I am having trouble solving for a closed form of the following recurrence relation.
$$\begin{align*} a_n &= \frac{n}{4} -\frac{1}{2}\sum_{k=1}^{n-1}a_k\\ a_1 &= \frac{1}{4} \end{align*}$$ The first few values are $a_1=\frac{1}{4},a_2=\frac{3}{8},a_3=\frac{7}{16},a_4=\frac{15}{32}...$ So it seems the pattern is $a_n = \frac{2^{n}-1}{2^{n+1}}$, but I have been unable to show this algebraically. Here is what I tried: $$\begin{align*} 2a_n &= \frac{n}{2} - \sum_{k=1}^{n-1}a_k\\ a_n + \sum_{k=1}^n a_k &= \frac{n}{2}\\ a_{n-1} + \sum_{k=1}^{n-1} a_k &= \frac{n-1}{2} \\ 2a_n - a_{n-1} & = \frac{1}{2} \\ a_n = \dfrac{2a_{n-1} + 1}{4} \end{align*}$$
I am so close, I can taste the closed form. Can someone nudge me in the right direction without giving too much away?
By inspection we determine a particular solution to $2a_n-a_{n-1}=1/2$ is given by $a_n=1/2$ trivially -- try an ansatz of the form $a_n=k$ and thus we get $k=2k-k=1/2$.

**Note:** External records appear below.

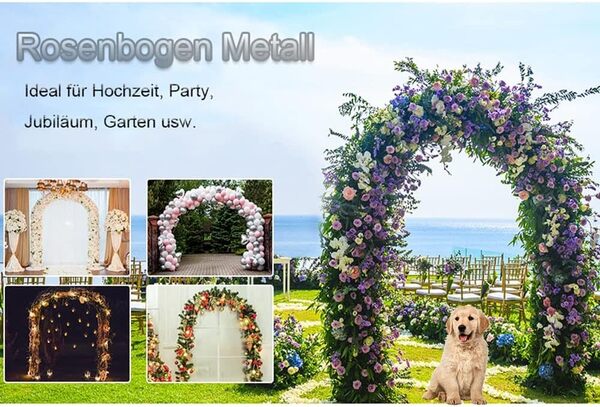Arche Jardin/Mariage Arche Arceau à rosiers Solide Colonne de Jardin, Arcade en Métal pour Rosier, 140x270cm Support pour Plantes grimpantes Soutien voûte d'entrée Décoration de Jardin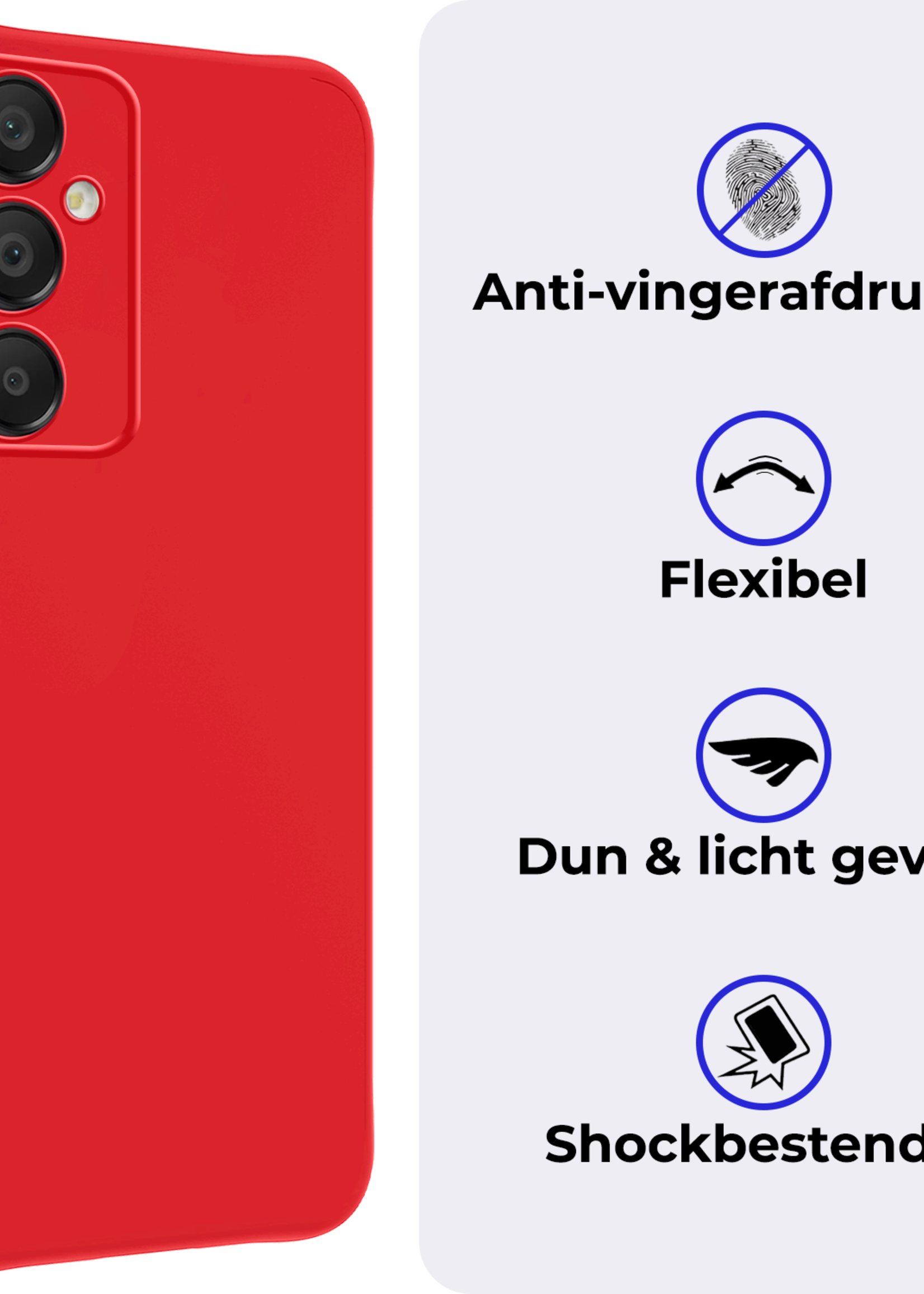 BTH Hoesje Geschikt voor Samsung A16 Hoesje Siliconen Case Hoes Met Screenprotector - Hoes Geschikt voor Samsung Galaxy A16 Hoes Cover Case - Rood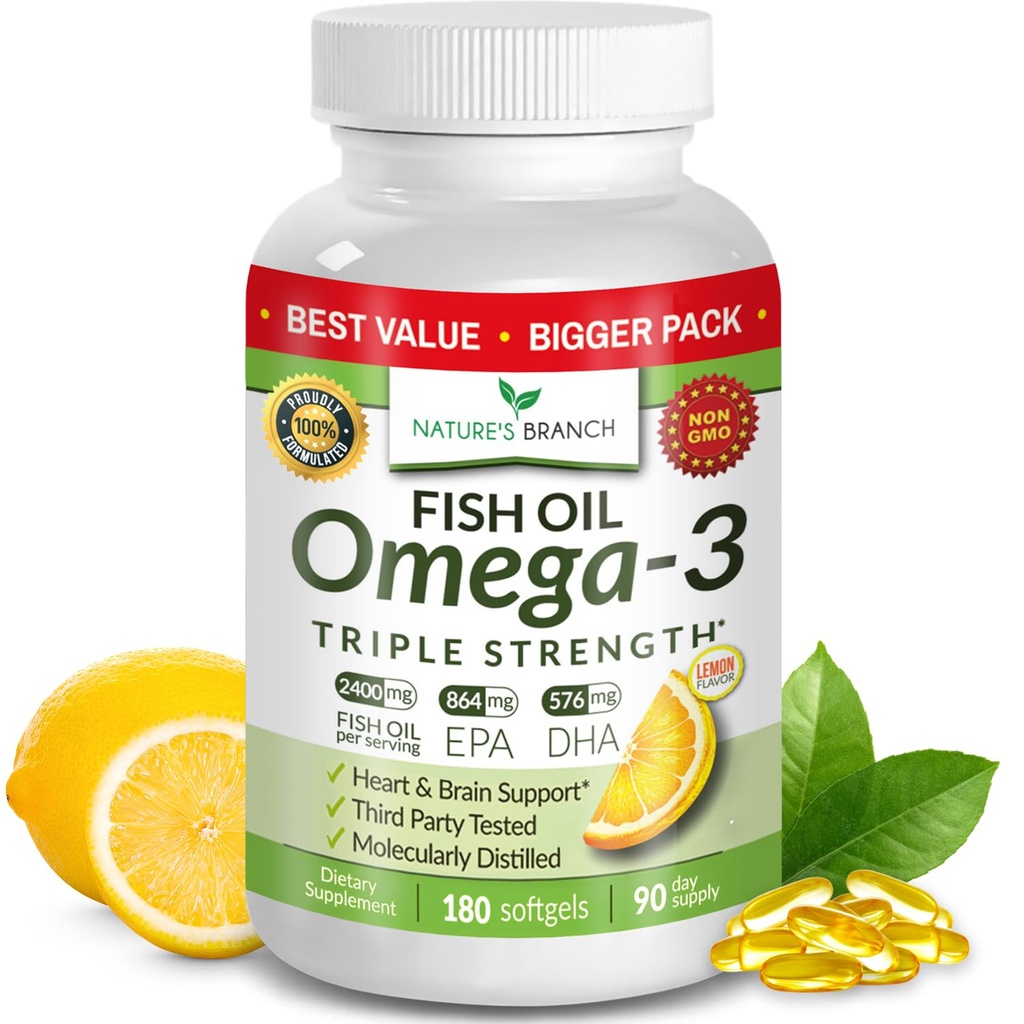Terbaik Triple Power Omega 3 Pil Minyak Ikan - 180 Capsules - 2400mg Tinggi Potency Burmon Flavor 864mg EPA 576mg DHA Ultra Liquid Softgels untuk Mata Mata Suplemen Kesehatan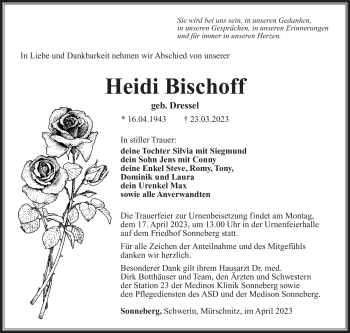 Traueranzeige von Heidi Bischoff von Südthüringer Presse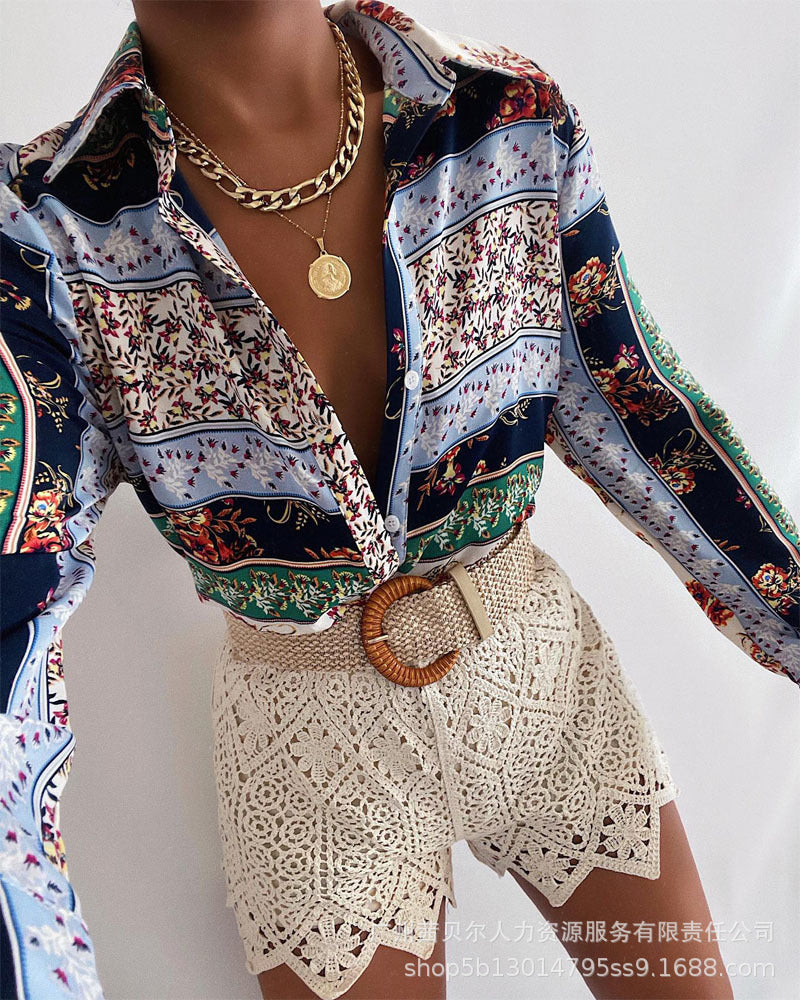 Spot  2022 European and American women's clothing color matching printed shirt shirt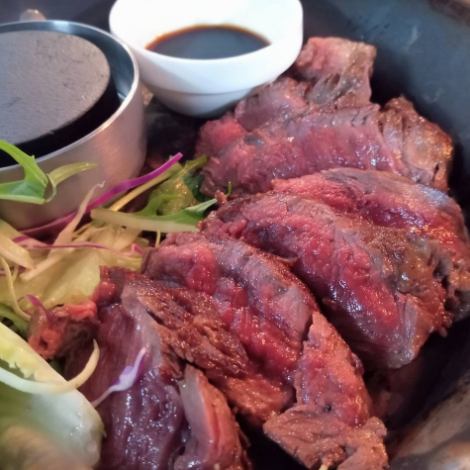 Horse fillet rare steak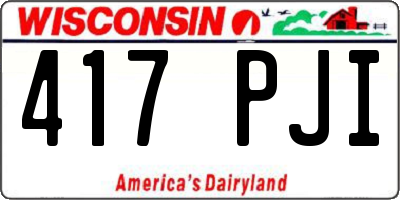 WI license plate 417PJI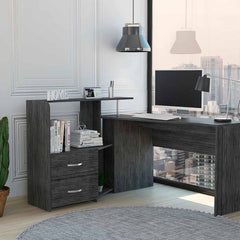 Dubai L-Shaped Desk, Two Shelves, Two Drawers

Considering the homogeneous case, $2a_n-a_{n-1}=0$, let $a_n=\lambda^n$ hence:$$2\lambda^n-\lambda^{n-1}=0\\2\lambda-1=0\\\lambda=\frac12$$... and so it follows that $a_n=(1/2)^n=1/2^n$ is a solution to our general equation and further so is any scalar multiple (since our equation is linear) i.e. $a_n=C/2^n$. Adding our particular equation to the mix we get a solution of the form $a_n=C/2^n+1/2$. Impose your initial conditions to determine $C$.